## YOUR ASSIGNMENT
Pictures excluded, reproduce exactly the lines below from the one with "Khai My joined" through the one with "a kitchen with", both included.

--- DATA SUPPLIED Enclosed Below ---

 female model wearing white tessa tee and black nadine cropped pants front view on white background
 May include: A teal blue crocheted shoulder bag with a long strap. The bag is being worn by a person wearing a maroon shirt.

--- End of Enclosed DATA SUPPLIED ---
--- DATA SUPPLIED Enclosed Below ---

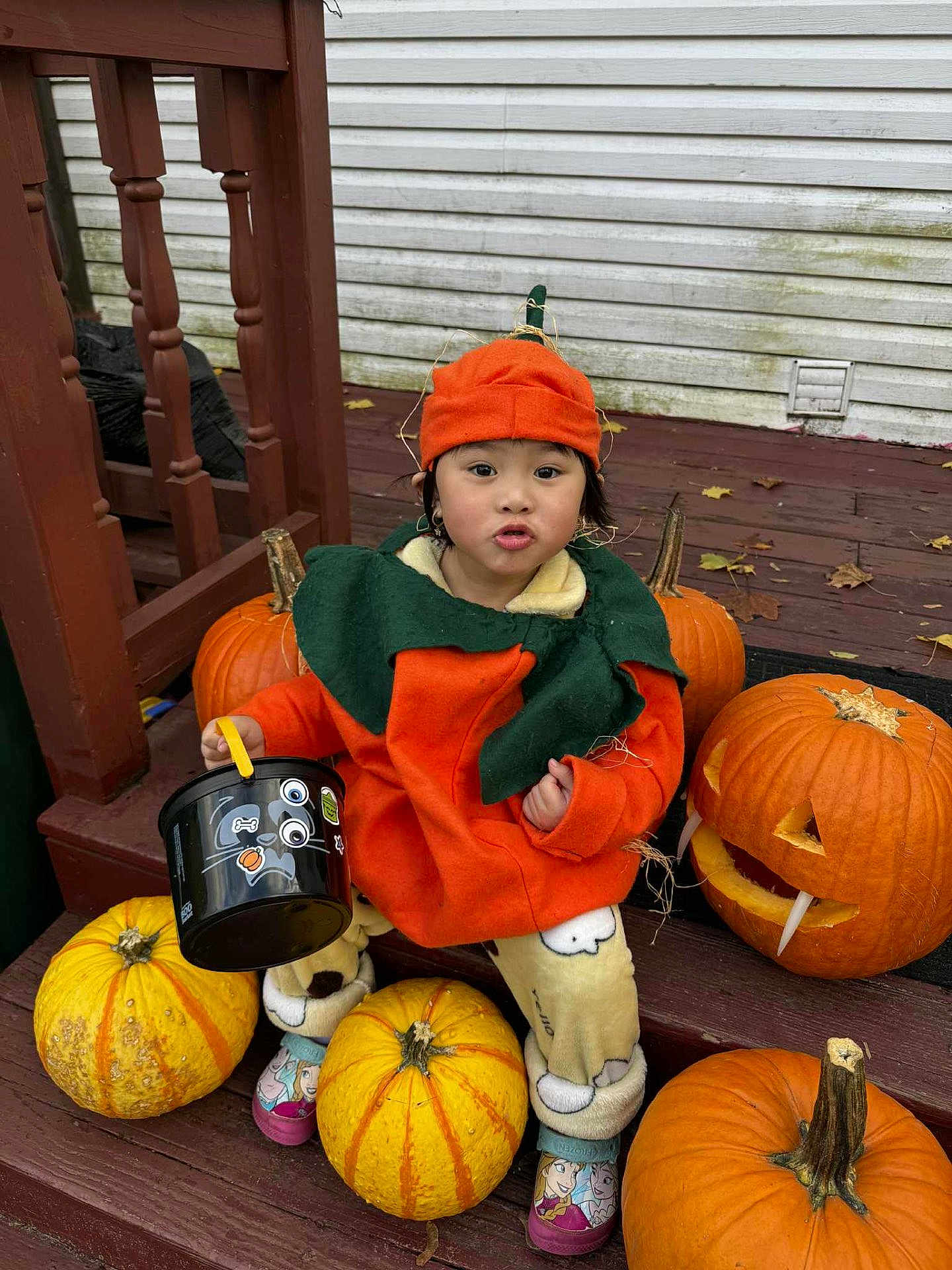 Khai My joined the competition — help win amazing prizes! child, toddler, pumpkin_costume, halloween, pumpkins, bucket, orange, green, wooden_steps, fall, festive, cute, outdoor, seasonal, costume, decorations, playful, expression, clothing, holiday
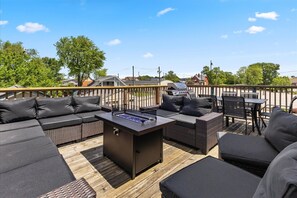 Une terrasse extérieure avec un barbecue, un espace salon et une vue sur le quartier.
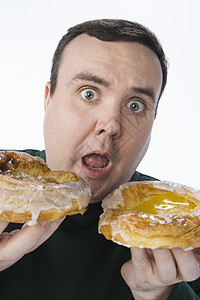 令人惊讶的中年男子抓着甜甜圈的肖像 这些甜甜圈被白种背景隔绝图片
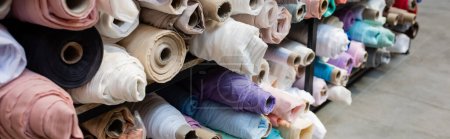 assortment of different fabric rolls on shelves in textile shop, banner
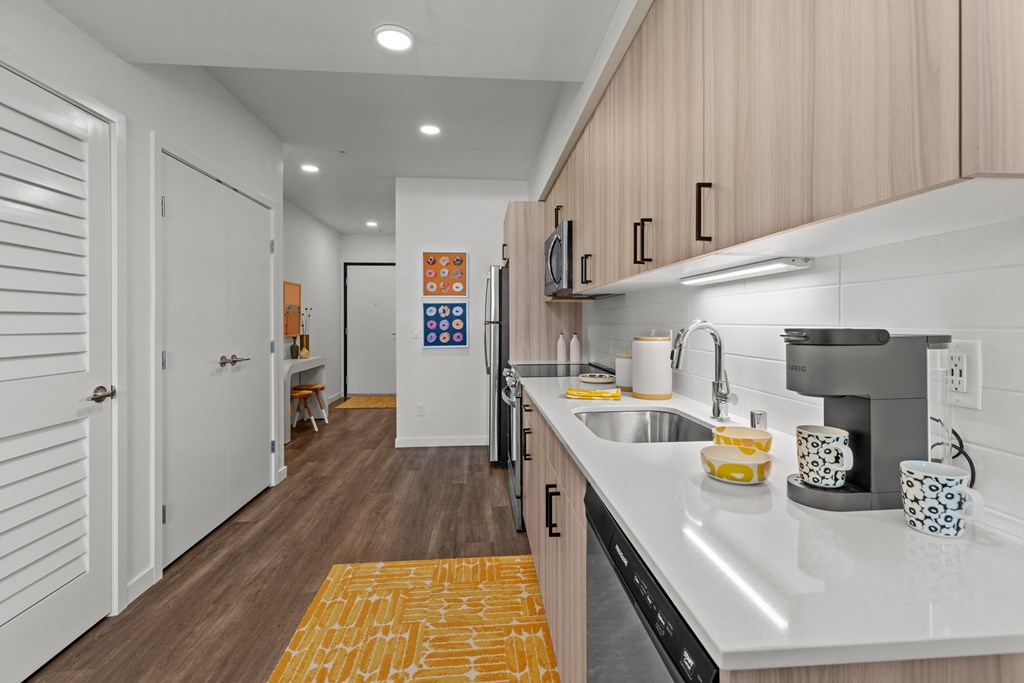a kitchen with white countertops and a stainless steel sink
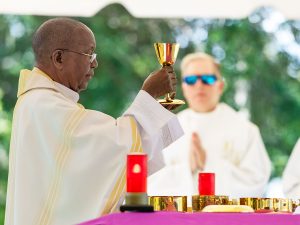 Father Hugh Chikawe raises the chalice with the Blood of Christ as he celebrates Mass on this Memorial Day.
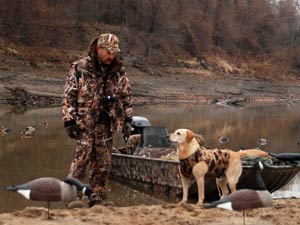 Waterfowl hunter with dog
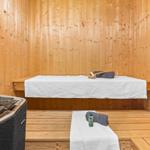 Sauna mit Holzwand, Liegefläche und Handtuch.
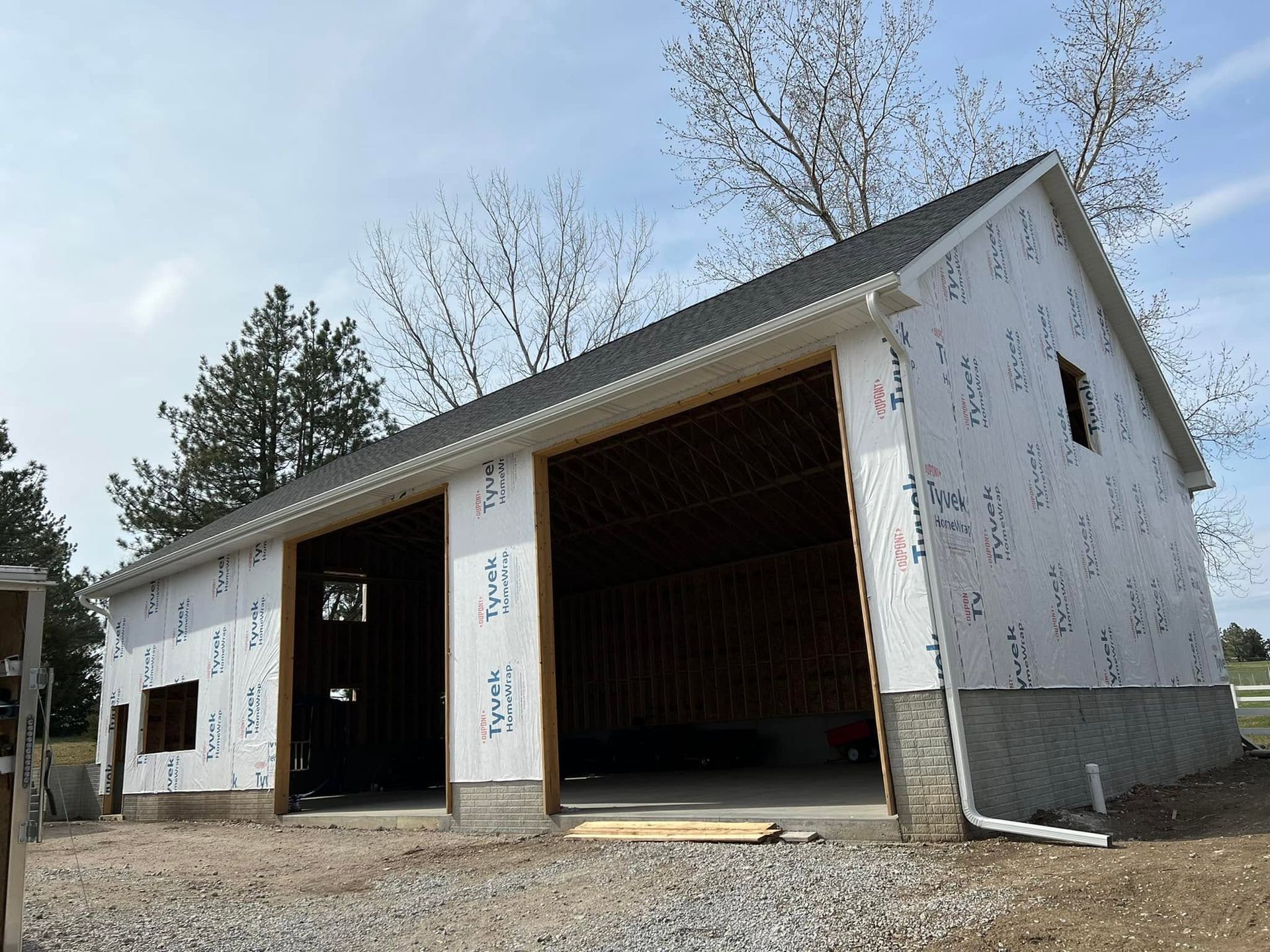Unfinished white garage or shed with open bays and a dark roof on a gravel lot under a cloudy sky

--- End of Enclosed DATA SUPPLIED ---

## RESULT
 Khai My joined the competition — help win amazing prizes! child, toddler, pumpkin_costume, halloween, pumpkins, bucket, orange, green, wooden_steps, fall, festive, cute, outdoor, seasonal, costume, decorations, playful, expression, clothing, holiday
 Une terrasse extérieure avec un barbecue, un espace salon et une vue sur le quartier.
 令人惊讶的中年男子抓着甜甜圈的肖像 这些甜甜圈被白种背景隔绝图片
 assortment of different fabric rolls on shelves in textile shop, banner
a kitchen with white countertops and a stainless steel sink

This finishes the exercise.